Der Mann, der nur reden kann

„In Athen griff ich zum Hörer, stellte den Beamten zur Rede, und erkorrigierte den Fehler“

AUS LUXEMBURGUND STRASSBURGDANIELA WEINGÄRTNER

Vor dem Luxemburger Bahnhof steht ein schwer bepackter Mann. Den Aktenkoffer in der einen Hand, Rucksack über der Schulter, eine Jacketthülle unter den Arm geklemmt, winkt Nikiforos Diamandouros ein Taxi herbei.
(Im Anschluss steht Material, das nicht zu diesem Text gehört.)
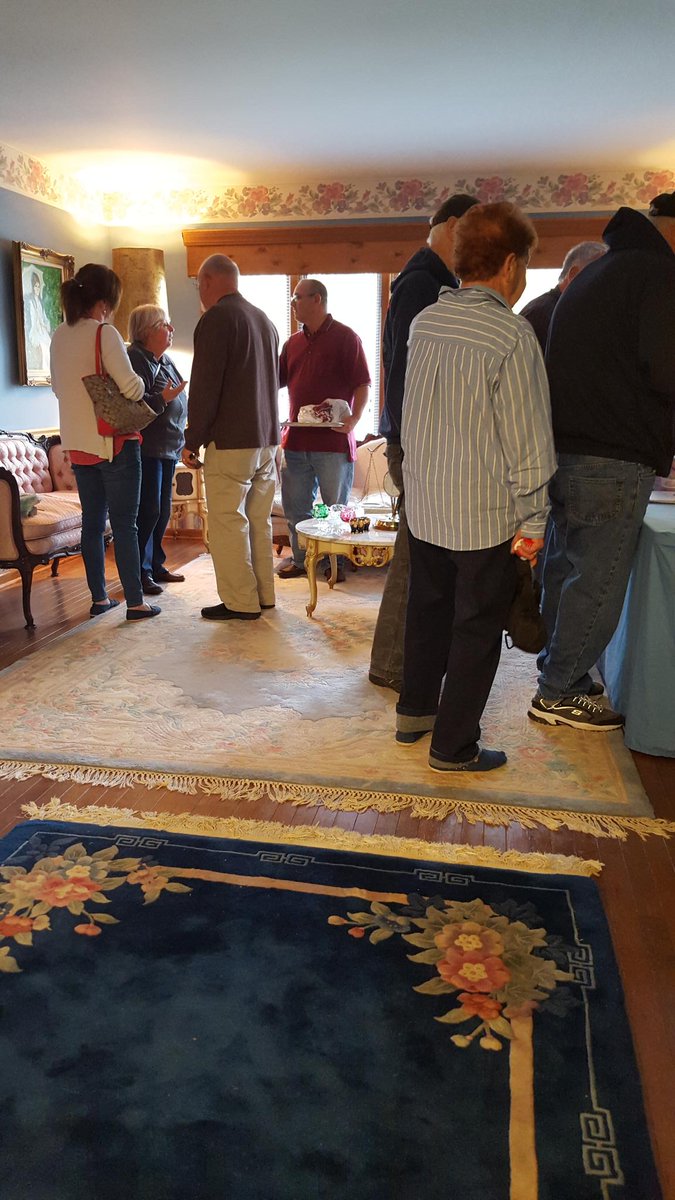 XcntricEstates's tweet image. Clock Talk! #clockcollectors #estatesale #xcntric #estatesales #Mokena #estatesaleshopping #clocks #whattimeisit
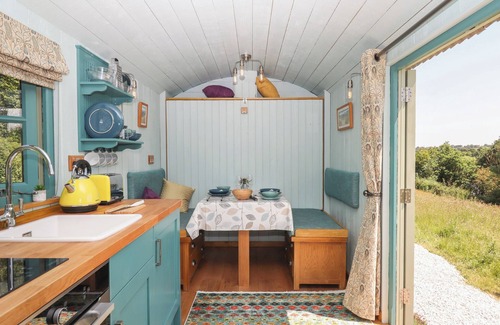 Hittisleigh Cottage | TWO MOORS SHEPHERDS HUT, pet friendly, with hot tub in Hittisleigh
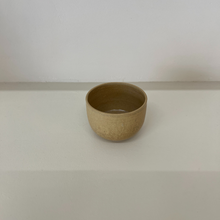 Lade das Bild in den Galerie-Viewer, Tea Ceremony Cup - sandstone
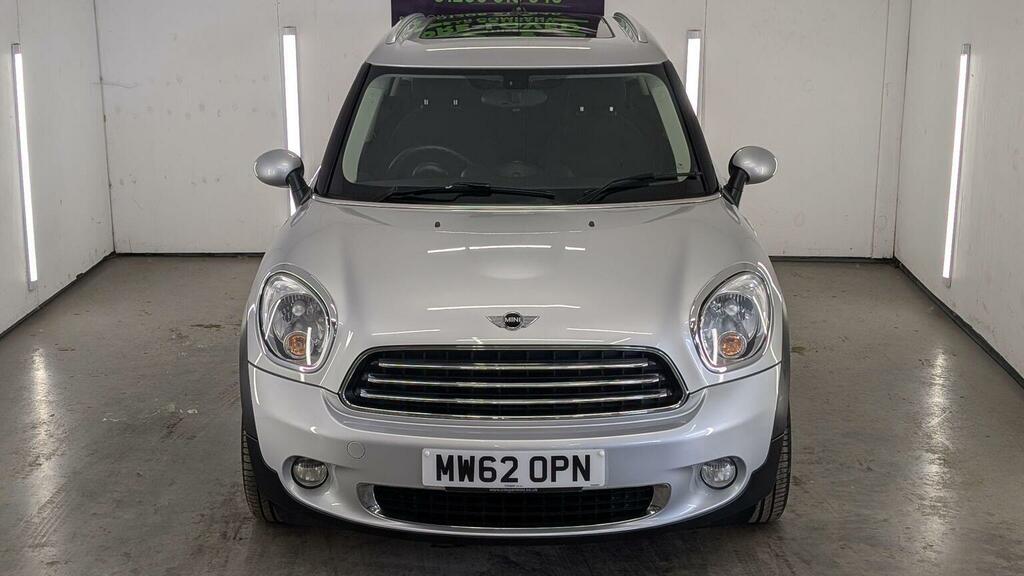 Mini Countryman 2.0 Cooper Sd 141 Bhp Red #9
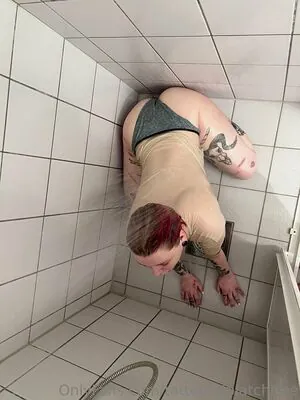 tattooedbiatchfree content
Noch am Morgen hat der Europäische Ombudsmann in seinem Büro in Brüssel Interviews gegeben. Jetzt wird er sich auf dem Plateau de Kirchberg, wo Außenstellen der europäischen Institutionen untergebracht sind, mit Mitarbeitern der EU-Kommission treffen.

Diamandouros ist ein schlank gewachsener, fast zwei Meter großer Mann. Das Schicksal hat den 63-Jährigen mit forschendem Blick und tiefer Stimme ausgestattet, die einen Saal mühelos in Schach halten könnte. Doch er schafft es, diese natürliche Dominanz mit zurückhaltendem Auftreten zu umkleiden – seinen Vortrag vor den Kommissionsmitarbeitern hält er im Sitzen. Als dann Fragen gestellt werden, legt er den Kopf leicht zur Seite, lauscht konzentriert. Ein Ombudsmann muss Vertrauen gewinnen, zuhören können.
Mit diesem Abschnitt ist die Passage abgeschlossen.